▶ [Activity]
Using the listing below, give again exactly the lines from the line with "Image of Eden" to the line with "2025 Lexus NX 450H+", inclusive, without the pictures.

▶ [Study material]
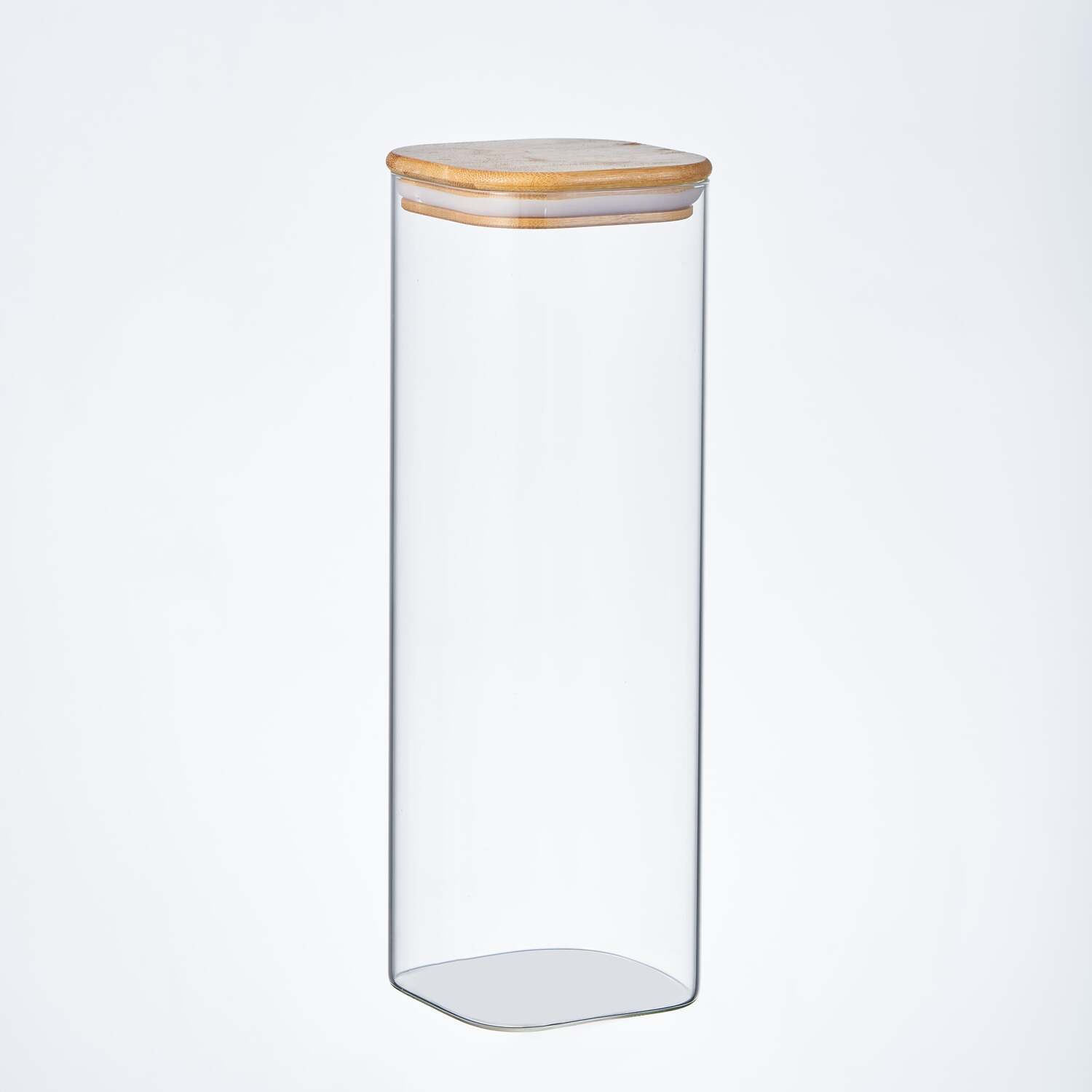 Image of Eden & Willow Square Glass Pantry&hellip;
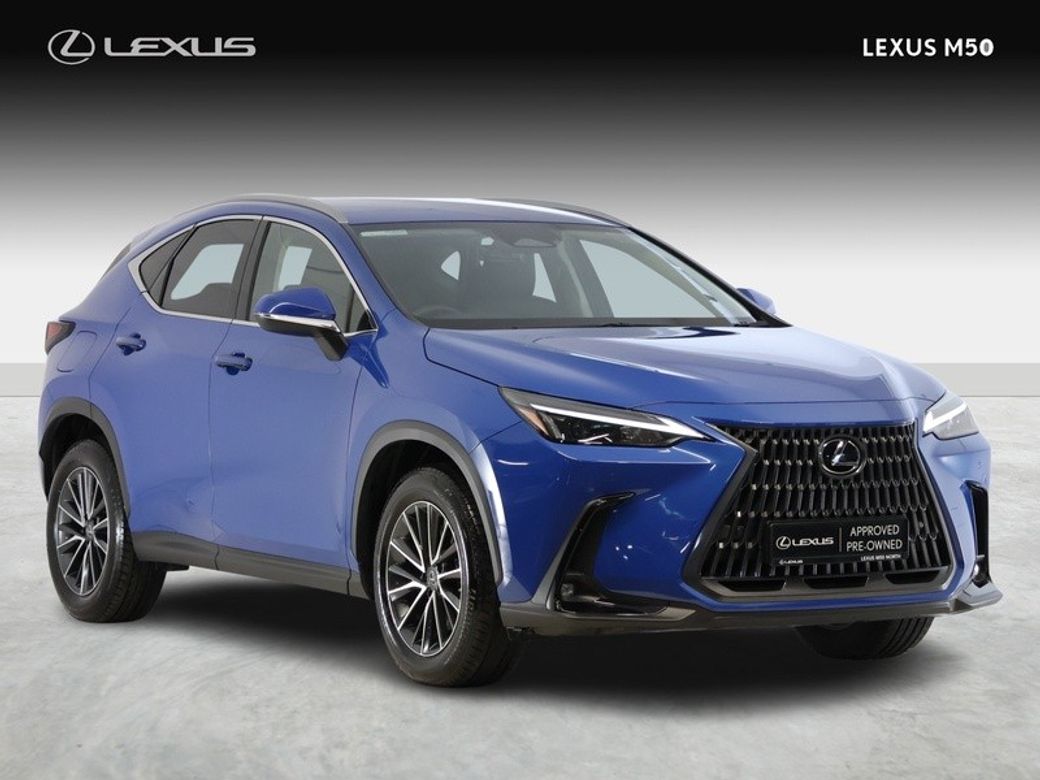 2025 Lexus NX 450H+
--
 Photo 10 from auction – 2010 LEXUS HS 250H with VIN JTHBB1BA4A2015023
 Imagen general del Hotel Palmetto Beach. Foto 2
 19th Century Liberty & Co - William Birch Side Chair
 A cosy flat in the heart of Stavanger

▶ [Answer to the problem]
 Image of Eden & Willow Square Glass Pantry&hellip;
 2025 Lexus NX 450H+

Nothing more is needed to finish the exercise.